AL PARMA ALA, ALLA JUVE ESTERNO E SECONDA PUNTA

I famosi dieci gol e otto assist siglati in Serie A con il Parma li ha realizzati giocando sempre da ala destra. Con il suo micidiale mancino e con la sua tecnica sopraffina ha la possibilità di liberarsi facilmente dell’avversario e cercare il compagno smarcato o direttamente la porta. Sarri lo ha fortemente voluto (senza mai goderselo) proprio perché in un ipotetico 4-3-3 completava l’attacco con Ronaldo e Dybala. Pirlo ha completamente stravolto il gioco sarriano, cambiando il lavoro degli esterni. Dejan Kulusevski con queste modifiche tattiche non ha più avuto la possibilità di giocare esclusivamente in attacco. Adesso, da esterno destro, ha il compito di lavorare a tutta fascia. In occorrenza deve abbassarsi fino alla propria trequarti e giocare con i piedi piantati sulla linea di bordocampo. Il discorso cambia quando il 2000 viene impiegato come seconda punta. L’esperimento è stato provato alla prima di campionato con la Sampdoria e spesso in Coppa Italia. Ora, non si giudica un giocatore dalle prestazioni nei primi turni di coppa, nè alla prima in Serie A, ma da pedina dinamica alle spalle di un attaccante centrale ha reso molto di più.

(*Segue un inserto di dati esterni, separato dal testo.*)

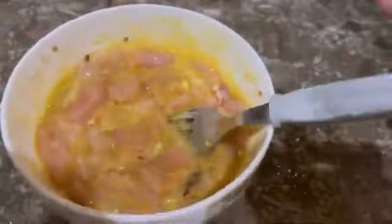Then shallow fry it in the pan and keep it aside as well.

CHI SARA’ KULUSEVSKI TRA DIECI ANNI?

Ho giocato tanti ruoli negli ultimi anni, ma dove mi mette il mister ha ragione: trequartista, punta centrale, seconda punta, esterno… Dipende da come giochiamo, ma sono comodo in tutti i ruoli, non ce n’è uno che preferisco.

Nella sua prima conferenza stampa da giocatore della Juventus, il giovane svedese si è presentato così. La sensazione è che dopo due anni di Serie A Kulusevski abbia dimostrato di essere un crack soprattutto se usato come ala destra, con libera licenza di offendere. I maggiori esperti di calcio, però, vedono in lui la possibilità di diventare anche una grande mezz’ala. Deve impegnarsi maggiormente sulla concentrazione per tutti i novanta minuti, perchè gli errori dalla cintola in giù pesano il doppio rispetto a quelli fatti in attacco. Correa e Sanabria ancora ringraziano. L’esperimento da seconda punta ha convinto. Se schierato vicino ad un vero bomber lui può essere il compagno ideale. Difficile invece immaginare un suo futuro da quinto o da esterno di centrocampo con una difesa a tre, in cui non ha un terzino che lo copre costantemente e che gli permetterebbe di dedicarsi più all’attacco. Difficile è anche la possibilità di vederlo in futuro come prima punta. Il rischio è di andare a imbottigliare nel traffico un giocatore che sa essere esplosivo quando ha tanto campo davanti. Per concludere, il Kulusevski del Parma sembra un lontano parente del Kulusevski della Vecchia Signora. Dopo un anno di esperimenti tattici Pirlo sarà costretto a prendere una forte decisione per la propria carriera da allenatore, se avrà la possibilità di continuare ad allenare la Juventus.